Rick Perry, man of the left?

Rick Perry, man of the left?

by digby

The Cain campaign has blamed Rick Perry for leaking this sexual harrassment information and stands by it.

Herman Cain insisted today that Rick Perry’s campaign leaked sexual harassment allegations against him to the media, even after his chief of staff appeared to soften that claim earlier today.
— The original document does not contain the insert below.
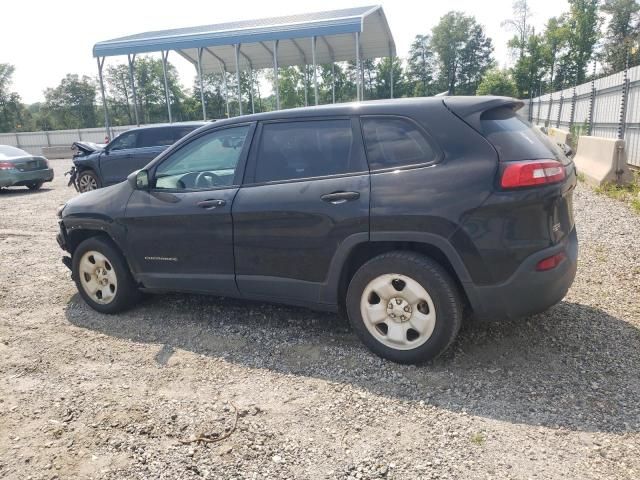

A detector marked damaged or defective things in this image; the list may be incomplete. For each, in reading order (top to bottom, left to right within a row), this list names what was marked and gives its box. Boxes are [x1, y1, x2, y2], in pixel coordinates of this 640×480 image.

damaged dark suv [56, 95, 576, 362]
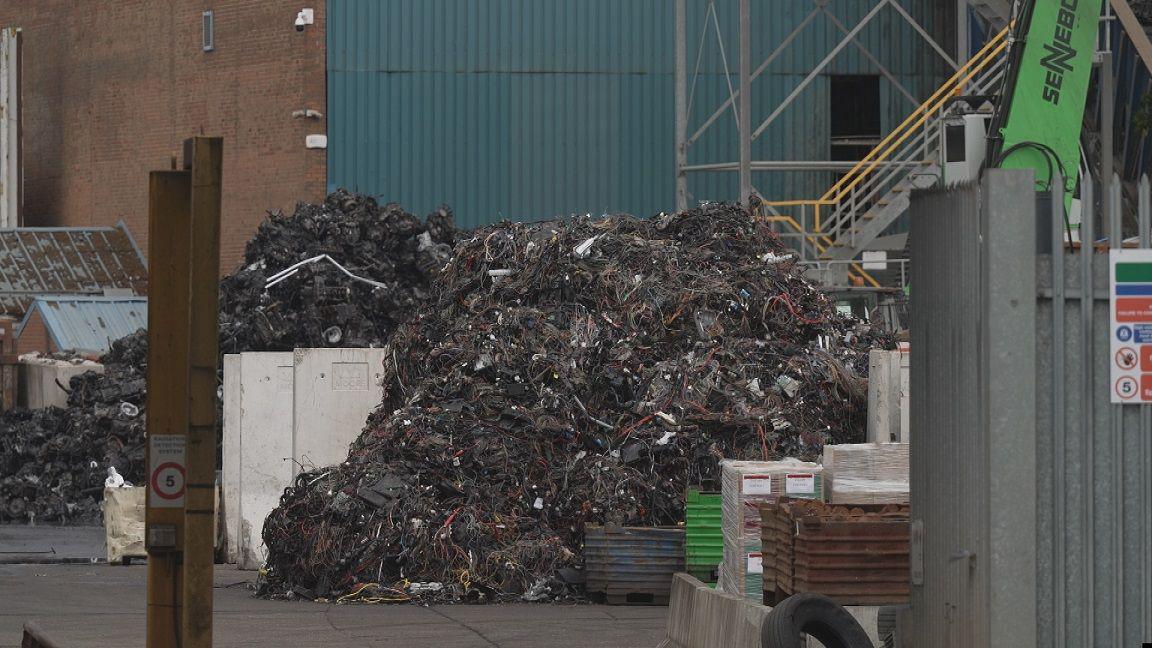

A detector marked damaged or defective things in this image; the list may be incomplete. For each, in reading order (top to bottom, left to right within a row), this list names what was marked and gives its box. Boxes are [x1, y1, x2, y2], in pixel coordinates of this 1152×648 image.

“I don’t see another way it could’ve come out,” Cain said in an unannounced radio interview with conservative commentator Sean Hannity. ”There aren’t enough bread crumbs that we can lay down that leads us anywhere else at this point in time.”
Perry’s chief of staff, Mark Block, on Wednesday accused Curt Anderson, a Perry staffer who worked as a consultant on Cain’s 2004 failed Senate campaign, of wrongdoing and demanded an apology from the Texas governor. Anderson denied the charge on national TV.

Today, Block seemed to take a different approach, although in a confusing way.
“I will stand behind what we said yesterday and was, again, thrilled that Mr. Anderson said it didn’t come from him,” Mark Block said on Fox News today.

Huh:

Wow. I knew Perry was considered an apostate because he doesn’t hate Hispanics quite enough for the Tea Party, but this seems a little bit extreme.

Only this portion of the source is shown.